Schweizer FDP klar für Sozialdetektive

Die Schweizer Freisinnigen haben beim Referendum gegen Sozialdetektive die Ja-Parole zum Gesetz ausgegeben. Die FDP-Delegierten beschlossen diese am Samstag in Pratteln BL mit 246 gegen 26 Stimmen bei 14 Enthaltungen.

Das Gesetz zur Überwachung von Sozialversicherten, das am 25. November an die Urne kommt, war vom Bundesparlament im März verabschiedet worden. Es ermöglicht Sozialversicherungen, Versicherte bei Verdacht auf Missbrauch durch Detektive observieren zu lassen. Die Regeln gelten für die Invalidenversicherung (IV), die Unfall-, die Kranken- und die Arbeitslosenversicherung.

Vor den freisinnigen Delegierten machte sich der Grünliberale Benjamin Gautschi vom Referendumskomitee gegen die Revision stark. Es sei ein "illiberales Gesetz", das die Privatsphäre unnötig tangiere und in den Überwachungsstaat führe. Missbrauch lasse sich via Strafverfolgung bereits ausreichend bekämpfen.

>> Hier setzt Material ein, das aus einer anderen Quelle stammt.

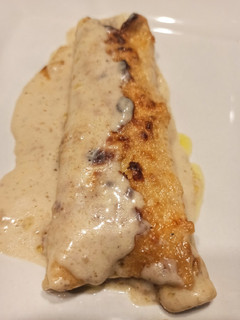 Una foto de Creps de confit de pato y ceps 🦆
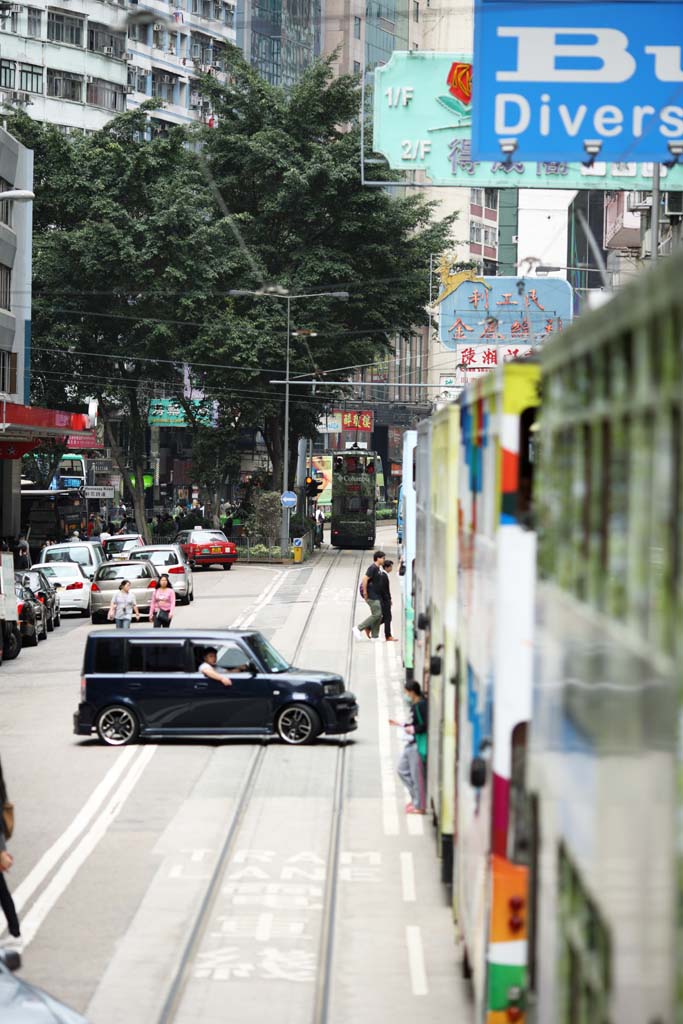 photo,material,free,landscape,picture,stock photo,Creative Commons,Hong Kong Tram, , , , 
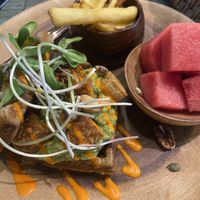 Zucchini waffles   at Mango in Bangkok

Der Walliser FDP-Nationalrat Philippe Nantermod konterte, die neuen Rechte gälten für die Sozialversicherungen, nicht private Versicherungen. Man solle nicht den Teufel an die Wand malen, das Volk wolle bei diesen Institutionen keinen Betrug. Ins Schlafzimmer sähen deren Spione nur, wenn ohnehin alle hineinsehen könnten.

Präventionswirkung

In der kurzen Diskussion warf die Luzerner Delegation ein, mit Versicherungsdetektiven gute Erfahrungen gemacht zu haben. Die bestrittenen Summen seien weit höher als die Kosten, und die präventive Wirkung sei nicht zu unterschätzen. Zweifel klangen aus Solothurn an, deren Delegation auf das bestehende Strafrecht verwies.

Lanciert worden war das Referendum gegen den Gesetzesbeschluss von einer Bürgerinnen- und Bürgergruppierung. Gegner kritisieren insbesondere eine grobe Verletzung der Privatsphäre. Der "Schlüsselloch"-Paragraph etwa erlaube die Überwachung von frei einsehbaren Privaträumen. Zudem könnten die Versicherungen selber entscheiden, wen sie durch Privatdetektive beschatten. Dies gebe ihnen mehr Rechte als der Polizei.

Mit der deutlichen Ja-Parole folgten die FDP-Delegierten am Samstag ihrer Kantonalpräsidentenkonferenz, die ihrerseits fast einstimmig Zustimmung empfohlen hatte. Für das Sozialdetektive-Gesetz hatten sich zuvor bereits die BDP und die SVP ausgesprochen. Die SP hat die Nein-Parole ausgegeben.